Streamlit GUI 애플리케이션

# pdf_merger_ST_VPW.py
import streamlit as st
import os
from PyPDF2 import PdfMerger, PdfReader
from io import BytesIO
from streamlit_sortables import sort_items 

st.set_page_config(
    page_title="PDF Merger App",
    page_icon="📄",
    layout="centered"
)

st.title("🔐 PDF Merger App")
st.markdown("""
    Upload PDF files and drag-and-drop to set the merge order.
    **If a file is password-protected, enter the password below.**
""")

def merge_pdfs_streamlit(ordered_file_data, password_map, output_filename="merged_output.pdf"):
    """
    Merges file-like objects, handling password-protected files via the password_map.

    Args:
        ordered_file_data (list): A list of dictionaries containing the file name and the file object.
        password_map (dict): A map of filename -> password for protected files.

    Returns:
        tuple: (bool, BytesIO object or error message)
    """
    if not ordered_file_data:
        return False, "Please upload and order at least one PDF file."

    merger = PdfMerger()
    successful_merges = 0

    for item in ordered_file_data:
        file = item['file_object'] 
        file_name = item['label']   

        if file.type == "application/pdf":
            try:
                file.seek(0)

                file_buffer = BytesIO(file.read())
                pdf_reader = PdfReader(file_buffer)

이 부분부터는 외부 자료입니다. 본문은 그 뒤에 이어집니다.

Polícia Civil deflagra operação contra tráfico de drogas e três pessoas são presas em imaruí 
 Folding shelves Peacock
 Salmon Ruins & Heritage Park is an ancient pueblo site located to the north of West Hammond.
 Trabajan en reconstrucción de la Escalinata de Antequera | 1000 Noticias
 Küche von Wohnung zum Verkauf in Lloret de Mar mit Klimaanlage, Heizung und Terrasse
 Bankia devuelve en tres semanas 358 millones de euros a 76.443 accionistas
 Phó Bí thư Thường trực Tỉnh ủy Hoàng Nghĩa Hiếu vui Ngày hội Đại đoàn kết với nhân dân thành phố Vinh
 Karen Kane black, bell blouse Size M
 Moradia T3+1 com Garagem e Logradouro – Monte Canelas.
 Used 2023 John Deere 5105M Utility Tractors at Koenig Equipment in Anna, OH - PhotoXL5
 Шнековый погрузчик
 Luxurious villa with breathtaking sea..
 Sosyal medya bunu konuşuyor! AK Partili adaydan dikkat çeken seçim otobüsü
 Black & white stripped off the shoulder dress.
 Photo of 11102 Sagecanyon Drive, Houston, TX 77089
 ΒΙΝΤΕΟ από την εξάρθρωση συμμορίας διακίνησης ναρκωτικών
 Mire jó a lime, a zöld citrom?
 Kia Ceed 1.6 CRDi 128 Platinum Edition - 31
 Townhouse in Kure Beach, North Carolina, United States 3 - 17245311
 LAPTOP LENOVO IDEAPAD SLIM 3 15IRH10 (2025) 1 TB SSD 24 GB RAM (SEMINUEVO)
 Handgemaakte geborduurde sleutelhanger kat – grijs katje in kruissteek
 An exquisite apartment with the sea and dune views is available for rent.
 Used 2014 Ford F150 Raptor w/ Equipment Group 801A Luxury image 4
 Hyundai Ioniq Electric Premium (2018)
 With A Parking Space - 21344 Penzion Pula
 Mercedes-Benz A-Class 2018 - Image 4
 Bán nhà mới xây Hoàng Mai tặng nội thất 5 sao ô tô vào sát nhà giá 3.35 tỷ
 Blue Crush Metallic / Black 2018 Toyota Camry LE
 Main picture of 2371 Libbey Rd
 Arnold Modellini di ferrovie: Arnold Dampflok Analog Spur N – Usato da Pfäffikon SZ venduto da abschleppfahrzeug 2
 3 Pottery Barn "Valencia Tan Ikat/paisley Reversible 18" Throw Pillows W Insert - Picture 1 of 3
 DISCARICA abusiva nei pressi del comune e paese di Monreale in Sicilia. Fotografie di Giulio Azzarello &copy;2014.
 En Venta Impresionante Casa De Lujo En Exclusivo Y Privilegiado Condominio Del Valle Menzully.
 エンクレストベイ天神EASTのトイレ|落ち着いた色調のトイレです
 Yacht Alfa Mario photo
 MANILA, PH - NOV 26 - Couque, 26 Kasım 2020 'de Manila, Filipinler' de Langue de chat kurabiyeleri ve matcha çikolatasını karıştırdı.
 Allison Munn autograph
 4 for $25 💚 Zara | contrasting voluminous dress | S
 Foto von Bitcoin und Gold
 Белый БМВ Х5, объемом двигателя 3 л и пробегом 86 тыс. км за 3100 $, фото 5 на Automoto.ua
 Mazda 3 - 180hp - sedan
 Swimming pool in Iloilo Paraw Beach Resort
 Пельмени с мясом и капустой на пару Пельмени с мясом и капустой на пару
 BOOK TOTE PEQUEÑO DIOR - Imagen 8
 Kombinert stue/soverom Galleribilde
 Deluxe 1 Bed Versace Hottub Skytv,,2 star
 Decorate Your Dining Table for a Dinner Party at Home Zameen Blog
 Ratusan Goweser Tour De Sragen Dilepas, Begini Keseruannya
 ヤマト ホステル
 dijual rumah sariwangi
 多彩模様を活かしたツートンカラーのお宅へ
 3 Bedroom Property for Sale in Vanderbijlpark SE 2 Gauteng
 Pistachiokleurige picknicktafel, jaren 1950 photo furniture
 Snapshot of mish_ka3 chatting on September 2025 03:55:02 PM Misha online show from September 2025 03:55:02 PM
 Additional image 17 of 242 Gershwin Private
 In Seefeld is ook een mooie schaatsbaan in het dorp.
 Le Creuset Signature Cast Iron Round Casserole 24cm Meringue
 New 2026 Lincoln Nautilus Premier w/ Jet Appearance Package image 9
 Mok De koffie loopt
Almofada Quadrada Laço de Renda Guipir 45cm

                if pdf_reader.is_encrypted:
                    password = password_map.get(file_name)

                    if password:
                        decryption_result = pdf_reader.decrypt(password)

                        if decryption_result == 1: # Success
                            st.info(f"🔑 Decrypted **{file_name}** successfully.")
                        elif decryption_result == -1: # Failed
                            st.error(f"❌ Failed to decrypt **{file_name}**. Password incorrect or file corrupted. Skipping file.")
                            continue
                    else:
                        st.error(f"🔒 **{file_name}** is password-protected. Please provide the password above to include it in the merge. Skipping file.")
                        continue

                merger.append(pdf_reader)
                successful_merges += 1

            except Exception as e:
                st.error(f"Skipped file '{file_name}' due to a critical read error: {e}")
        else:
            st.warning(f"Skipped file '{file_name}' because it is not a valid PDF.")

    if successful_merges == 0:
        merger.close()
        return False, "No valid PDF files were successfully processed."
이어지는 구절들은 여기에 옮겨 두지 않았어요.